Early Bird Registration for DrupalCon Portland 2024 is open! Register by 23:59 PST on 31 March 2024, to get $100 off your ticket.
As suggested earlier (http://drupal.org/node/22035) I want to open an issue to backport the performance fix to 4.6
We have a url_alias table of 8,000 entries / 1M and now even when we turn off path & pathauto modules it is still being fully loaded, slowing the site to a crawl (15-40 sec load)
This fix is desperately needed, I am sure not only by us. 4.7 is way out there (especially with contrib modules) and we are already dependent on these paths for search traffic.
Please help !!!
Comment | File | Size | Author |
---|---|---|---|
#42 | path_alias_backport_0.patch | 4.77 KB | chx |
#31 | i18n.module.path_alias_backport_0.patch | 934 bytes | klance |
#30 | i18n.module.path_alias_backport.patch | 918 bytes | klance |
#23 | path_alias_backport2_files.zip | 38.14 KB | Marandb |
#17 | path_alias_backport2.patch | 5.05 KB | matt westgate |
Comments
Comment #1
Adrian Freed CreditAttribution: Adrian Freed commentedI second the motion. This is a showstopper for many drupal projects for me including a million+ node site.
Comment #2
dkruglyak CreditAttribution: dkruglyak commentedRe-filing under Drupal base system. Also note a discussion on some benchmarks in our case: http://drupal.org/node/43431
Comment #3
dkruglyak CreditAttribution: dkruglyak commentedFound OLD patch, have questions. It is introduced here http://drupal.org/node/22035#comment-29593, with disclaimer that it is broken.
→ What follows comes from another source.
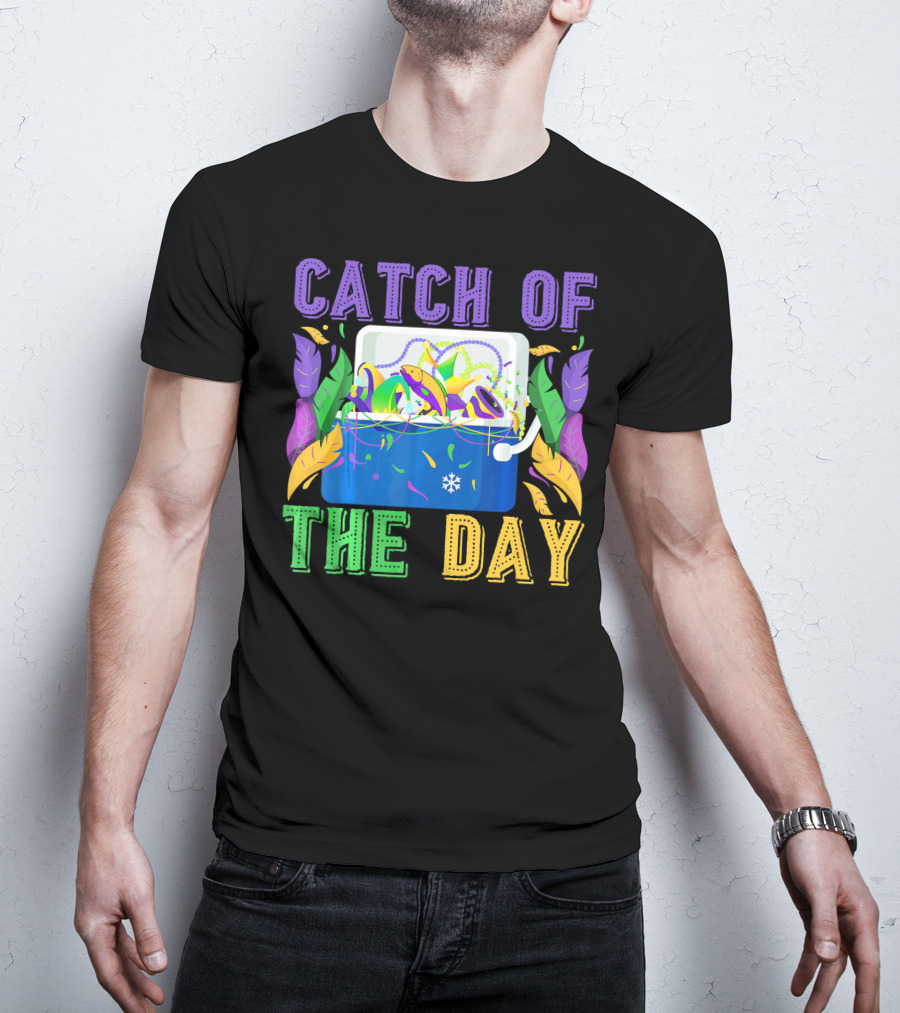 Catch Of The Day Funny Mardi Gras Beads Masks Crawfish T-Shirt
Could you help me understand what version that patch applies to? HEAD/4.7? 4.6.x? How different is it from 4.6.5? I can try hacking but any guidance is much appreciated. Maybe you could point me to which functions to work on and where to start modifying 4.6.5...
Comment #4
Jeremy CreditAttribution: Jeremy commentedHere's a backport from CVS HEAD that applies to 4.6.5. It works well in my own testing, but I certainly suggest that you test it first before using it in a production environment.
Feedback of how it helps on busy 4.6 sites would be welcome. It'd also be interesting to see some benchmark results.
Comment #5
dkruglyak CreditAttribution: dkruglyak commentedI just finished my own try to do the backport and found a bug in the original code, which also got carried into the patch.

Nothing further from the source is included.